EXERCISE = All that is needed is an exact repetition of the lines from the one containing "Une salle de" through the final line of the material, without pictures.

DATA SEGMENT =
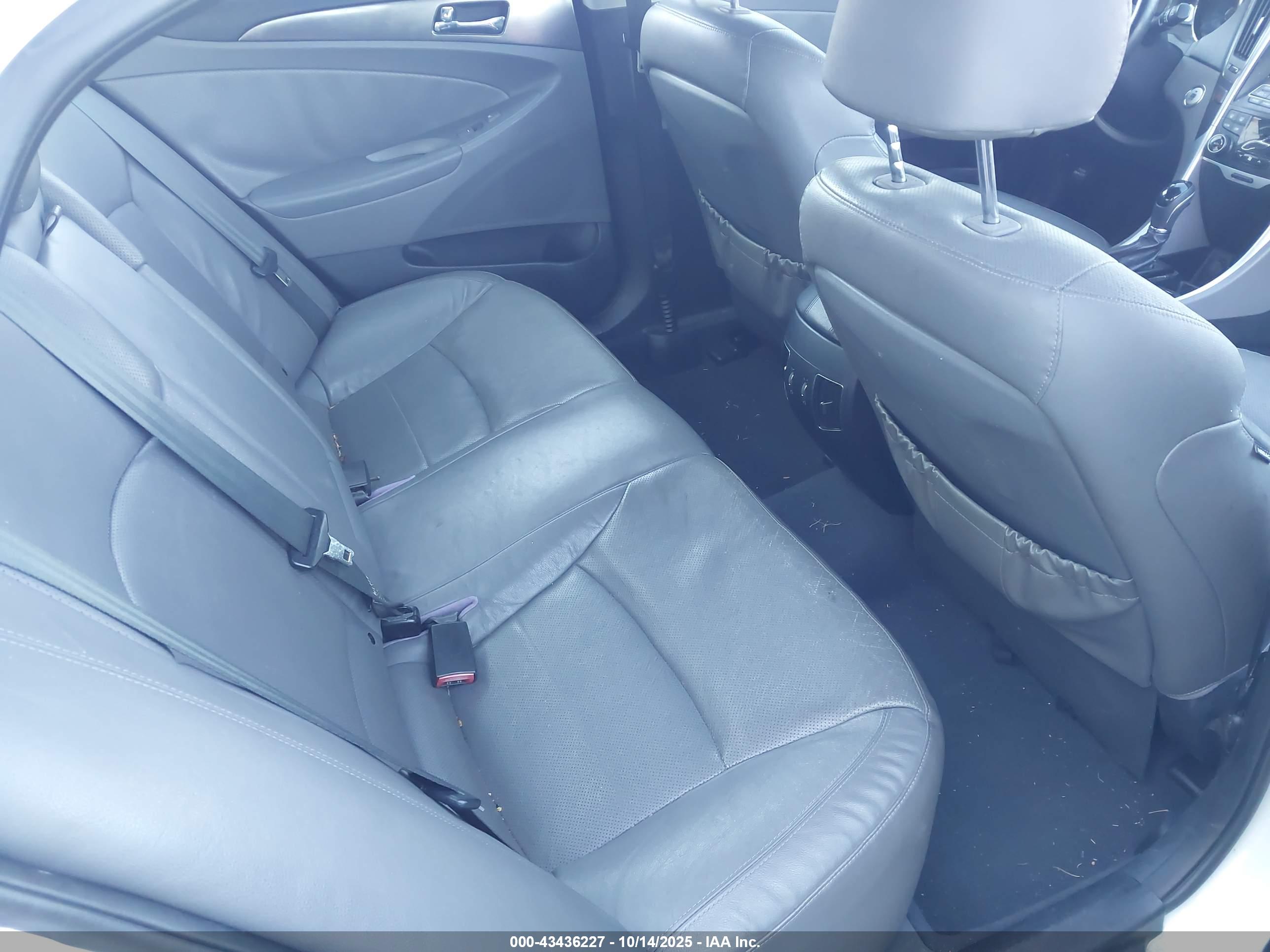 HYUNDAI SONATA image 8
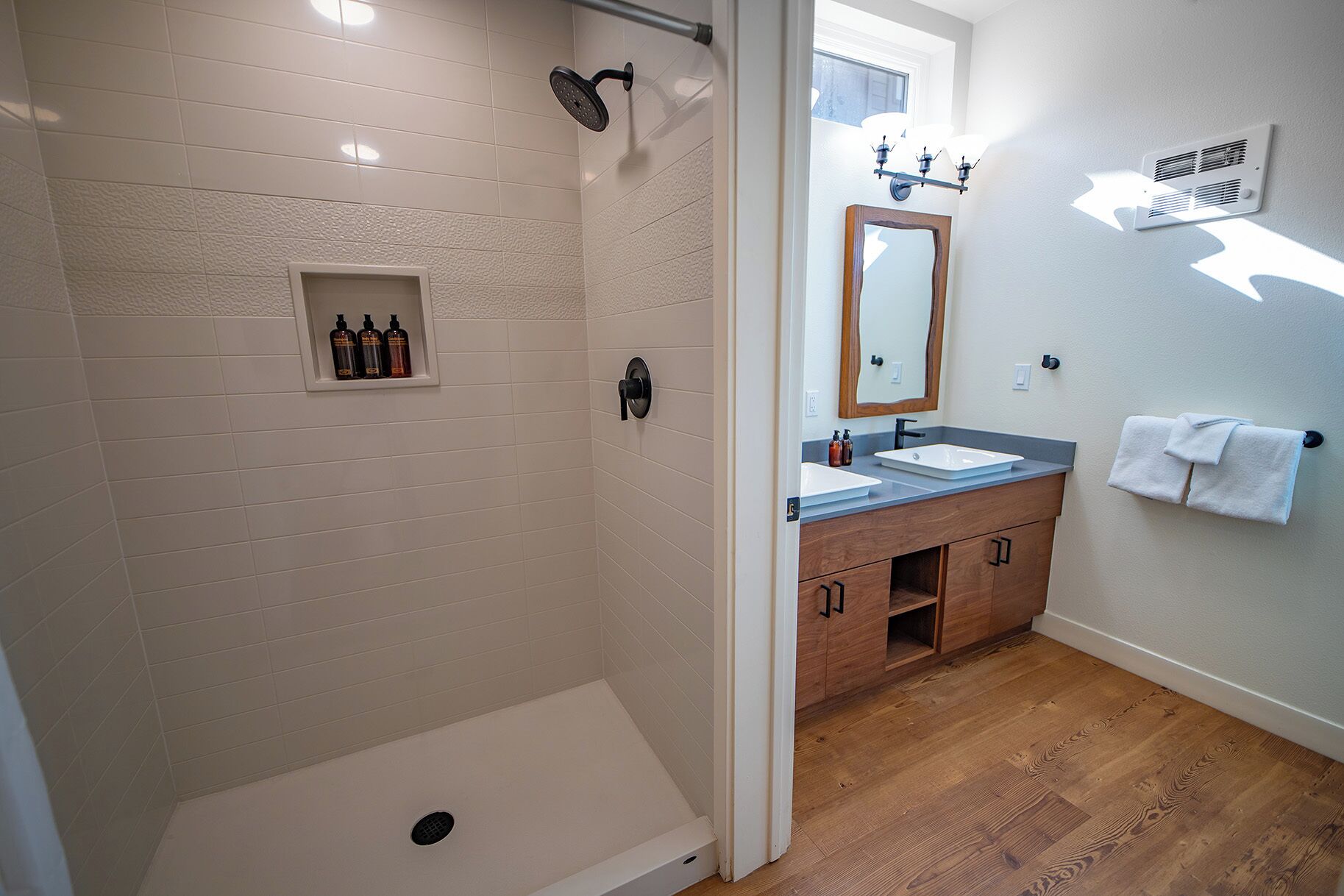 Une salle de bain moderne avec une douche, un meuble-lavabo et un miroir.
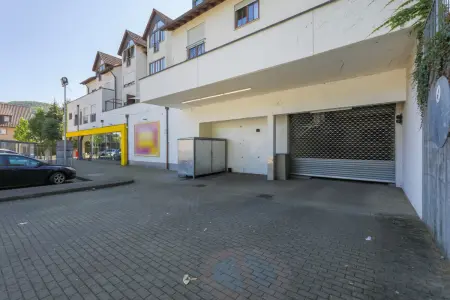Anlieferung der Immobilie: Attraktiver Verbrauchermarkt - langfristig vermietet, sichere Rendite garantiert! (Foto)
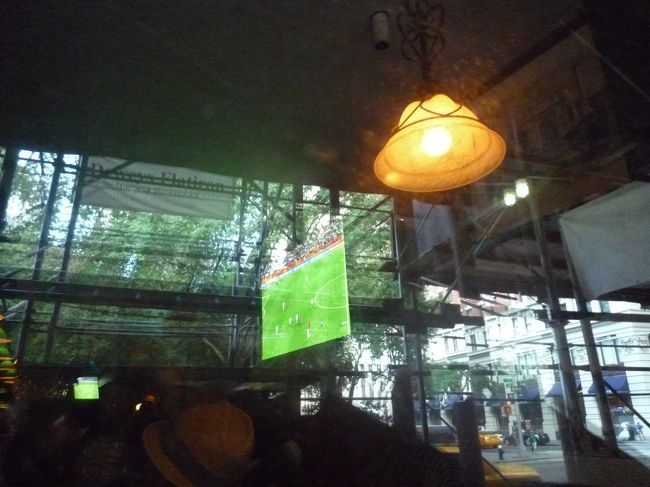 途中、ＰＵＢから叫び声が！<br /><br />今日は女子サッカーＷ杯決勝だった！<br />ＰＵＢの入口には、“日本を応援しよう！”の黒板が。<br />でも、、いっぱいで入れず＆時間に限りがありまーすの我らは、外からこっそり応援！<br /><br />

OUTPUT FOR THIS TASK =
 Une salle de bain moderne avec une douche, un meuble-lavabo et un miroir.
Anlieferung der Immobilie: Attraktiver Verbrauchermarkt - langfristig vermietet, sichere Rendite garantiert! (Foto)
 途中、ＰＵＢから叫び声が！<br /><br />今日は女子サッカーＷ杯決勝だった！<br />ＰＵＢの入口には、“日本を応援しよう！”の黒板が。<br />でも、、いっぱいで入れず＆時間に限りがありまーすの我らは、外からこっそり応援！<br /><br />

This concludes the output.